As always, there were a few gaps, which included the likes of Gangs Of Wasseypur, It’s Such A Beautiful Day, both of Alex Gibney’s documentaries, I Am Nasrine, Child’s Pose, What Maisie Knew, In A World…, Compliance, Metro Manila, Kill Your Darlings and a host of others. I am always open to recommendations, so let me know in the comments if you think I’ve missed something, or where you can berate me for not selecting Stories We Tell, Frances Ha, Rush, Zero Dark Thirty, Blancanieves, No, Blue Jasmine, Les Misérables or any of the other films I did see but that didn’t make this list.
Right, without further ado, here are the forty films which most entertained, challenged, touched or delighted me in 2013.
40. The Secret Life Of Walter Mitty
We start the list with a film that’s left me feeling somewhat conflicted. On the one hand, Walter Mitty is ragingly predictable, occasionally clumsy and – thanks to Ben Stiller’s gift for making expensive, non-commercial films – packed full of more product placement than two or three Bond films. On the other, it’s deeply felt without descending into mawkishness, has some beautifully constructed moments and I was this far from getting a Cinnabon when in town yesterday afternoon. Stiller manages to make his Mitty sympathetic and his transition believable, and for all his and the film’s faults it was a post-Christmas treat.
39. Filth
I’m not sure of any other culture that could get away with someone as totally abhorrent as James McAvoy’s Bruce Robertson, at least not in the sense of his character being so spectacularly unpleasant. But it’s a role that James McAvoy tackles head on, not shying away from either the more deranged excesses or the deeper flaws that embody the nature of Robertson’s personality. It’s nice to see that Trainspotting wasn’t a one-off in being able to transfer an Irvine Welsh novel to the screen successfully, but for all of the good supporting work from the likes of Eddie Marsan and Imogen Poots this is McAvoy’s film, and he’s a mesmeric force of nature.

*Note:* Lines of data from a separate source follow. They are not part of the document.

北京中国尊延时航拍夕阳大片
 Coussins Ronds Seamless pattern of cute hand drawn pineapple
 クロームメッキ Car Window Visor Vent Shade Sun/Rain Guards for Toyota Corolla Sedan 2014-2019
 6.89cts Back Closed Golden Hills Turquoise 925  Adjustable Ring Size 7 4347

I would love to be able to say that, growing up, I had regular access to the BFI and a subscription to Sight and Sound, which has made me the cultured cinephile that I am today. But I’ve taken a rather more circuitous route to film fandom, one which has its roots in a rather dingy dungeon with no windows filled with VHS tapes below a corner shop which provided much of the film watching of my teens. Rewind This! is a loving exploration of how VHS changed the landscape of film, both for better or for worse, and was a thorough and fascinating look at those still keeping the format alive against all the odds. I’m now cherishing my last few VHS tapes with even more fondness.
37. Dead Cat
One of those Q & A sessions at the Cambridge Film Festival I mentioned was with Stefan Georgiou, director of this British film which played there three times. Having seen the film on a screener, I introduced Stefan at the start of the film and then stayed in for around 15 minutes, watching the audience try to work out what to make of a film which opens on a shot of a dead cat (thankfully from natural causes). I came back for the last twenty minutes, by which time I found an audience fully engaged with the film and appreciating both the well-constructed laughs and the poignancy of the central relationship, which considers second chances in love and if you can ever go back. The Q & A afterwards ran to around 40 minutes and was one of the most enjoyable I’ve ever hosted, and the inclusion of this film is in no way reflective of any bias at all, honest, probably not, well maybe a tiny bit, it’s my list and I can do what I want, shut up. Still touring festivals, hopefully you’ll see more of both Stefan and his dead cat in the future, and I look forward to seeing it again. (I may just not watch it with my cat.)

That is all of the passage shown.